6. A device according to claim 3, wherein the transparent or translucent portion is formed from glass or plastic.

7. A device according to claim 1, wherein the device further comprises colouring means to alter the colour of the light output of the GTLS.

8. A device according to claim 1, wherein the GTLS is held within a housing, the housing being located in the outer casing.

9. A device according to Claim 1, which is sized and shaped to calibrate the optical output of scientific apparatus.

10. A device according to claim 9, wherein said apparatus is selected from a group consisting of a luminometer, a fluorometer, a spectrophotometer, a scintillation counter, a photomultiplier, an avalanche photodiode or a CCD camera.

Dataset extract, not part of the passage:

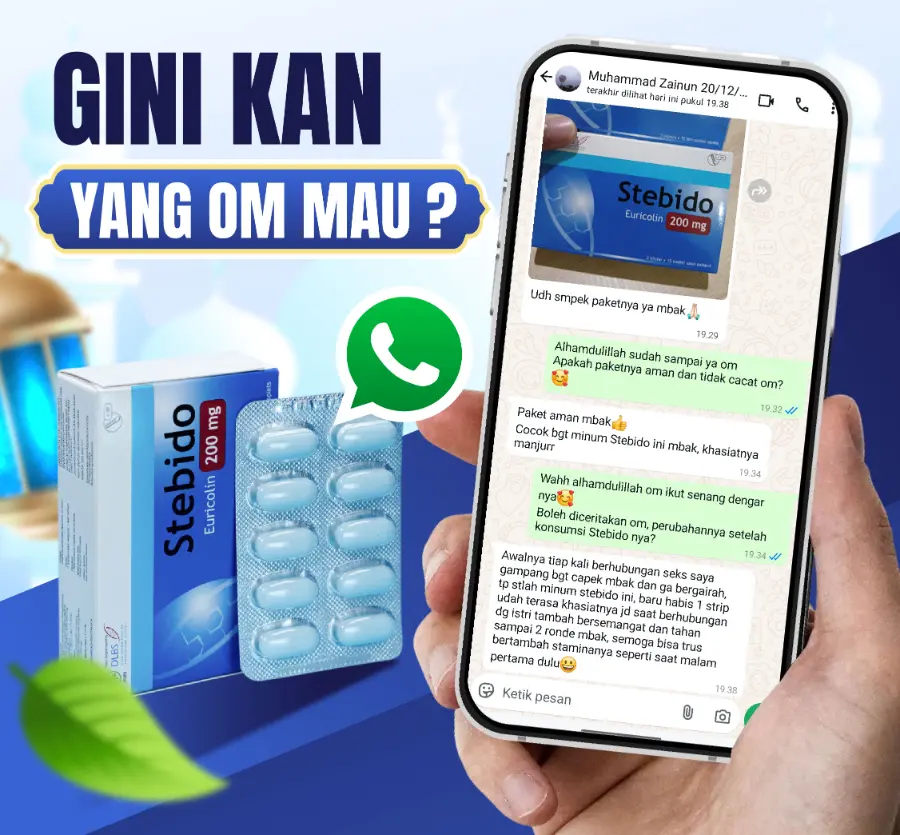 LP Stebido (Tema Ramadan 2)-32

11. A device according to claim 1, wherein said device comprises a scalebar graticule.

12. A device according to claim 1, wherein said device comprises a filter array.

13. A kit comprising two or more luminescent devices according to claim 1, each of said devices providing a light output of a distinct intensity to the other devices of said kit.

14. A kit according to claim 13, further comprising a magnetic handling tool and wherein each of said devices includes a magnetic component.

15. A kit according to claim 12, comprising three or more devices, each having a light output of a distinct intensity to the other devices of said kit.

16. A light measuring apparatus comprising a luminescent device as claimed in claim 1, housed in a sample holder of said apparatus.

17. An apparatus according to claim 16, which is selected from the group consisting of a luminometer, a fluorometer, a spectrophotometer, a scintillation counter, a photomultiplier, an avalanche photodiode or a CCD camera.

18. A method of analyzing a sample, said method comprising; i) calibrating an apparatus able to detect light output using a device as claimed in claim 1;ii) inserting said sample into the calibrated apparatus and obtaining a reading thereof

19. A method as claimed in claim 18, wherein the sample comprises living cells.